The conjuring of Bloody Mary has been a favorite way for teenagers, girls in particular, to scare themselves silly. The appearance of the Bloody Mary spirit has become the stuff of urban legend, yet many have testified that she really does appear.
Basically, the ritual goes like this: stand in a darkened or lightless room where there is a mirror. Stare into the mirror and chant "Bloody Mary" 13 times.
The gruesome spirit of Bloody Mary will appear behind you in the mirror.
There are many variations on the ritual, any of which a brave teenage girl will try, usually on a dare. Sometimes a lighted candle is required in the dark room. You must chant the name three times, six times, nine times - even up to 100 times, depending on whom you ask. Another variation is that you must spin slowly in place while you chant Bloody Mary's name, glancing in the mirror with each turn.

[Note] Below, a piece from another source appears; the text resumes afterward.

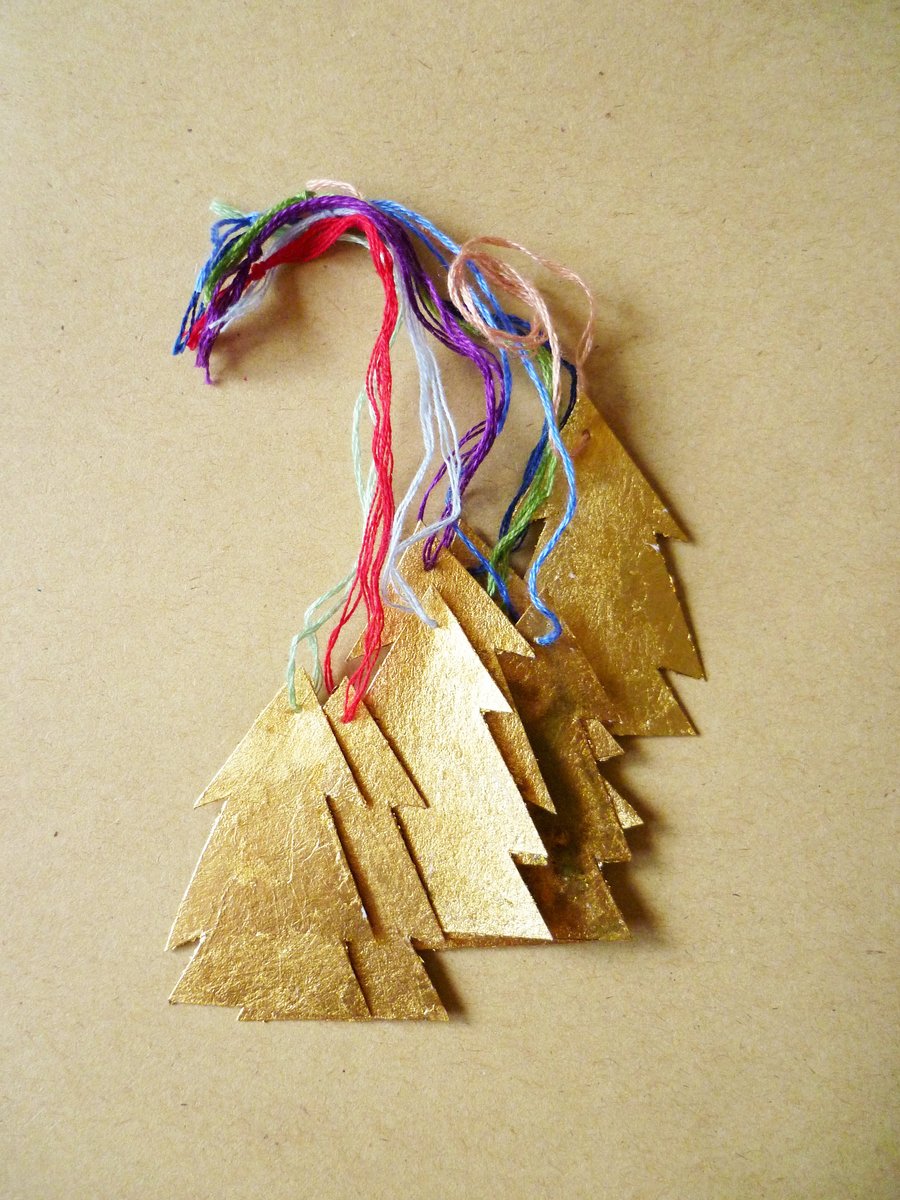 Free Postage  - Tiny Gold Leaf Tree Christmas Decoration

An excellent article by Patty A. Wilson in the June 2005 issue of FATE magazine gives the complete history of the Bloody Mary legend, saying that the most likely origin is the life of Mary Stuart. Also known as Mary Queen of Scots in 16th century England, she was involved in many plots, intrigues and murder. She was executed in 1587, and it is her bloody corpse that appears in the mirror when beckoned.
Yet another tradition says that the evil spirit is none other than Satan's spouse. (I didn't even know he was seeing anyone!)
Although the biggest worry with Bloody Mary is that the participant will succeed in scaring herself into hysterics, we occasionally hear stories about people who really did see Bloody Mary in the mirror. Usually these tales come through a friend of a friend and are, of course, impossible to verify.
Psychic Uri Geller is most often credited with the phenomenon of spoon bending. While skeptics claim this feat is nothing more than magician's sleight of hand, others say that it is a psychic phenomenon that just about anyone can accomplish.
It's so easily done that spoon-bending parties have been held. On these occasions, the host brings a load of spoons and forks (forks are probably used more often than spoons because it's more dramatic to get the tines all twisted), usually bought cheap from a thrift store. The party goers are asked to choose a utensil they believe will bend, and sometime during the course of the event, most of the spoons and forks indeed do bend and twist, seemingly in defiance of all logic and the laws of physics.
In short, the method goes like this: Invite people to the party that you know and like. Create a relaxed atmosphere of fun and laughter. Ask each participant to choose a utensil that they believe "wants" to bend. (They don't all want to bend.) It's even suggested that you ask the fork, "Will you bend for me?" Then hold the fork vertically and shout, "Bend! Bend!" Rub it gently with your fingers.
If the utensil does not begin to bend, divert your attention. Focus your attention on something else. Some even say that this inattention to the utensil is vital in getting it to bend. When it succeeds, the fork or spoon will bend easily. Contrary to popular belief, the utensil will not just start twisting of its own accord (although this has happened on rare occasions). Rather, the utensil becomes so malleable that it is quite easily bent and twisted with the hands using almost no effort - as if it were made of the softest metal.
Although I've never had any luck with bending spoons or forks (I've always tried it alone and not at a festive party), my wife was able to easily twist several forks into impossible shapes, as the photo on this page shows.
Have fun and don't take this stuff too seriously.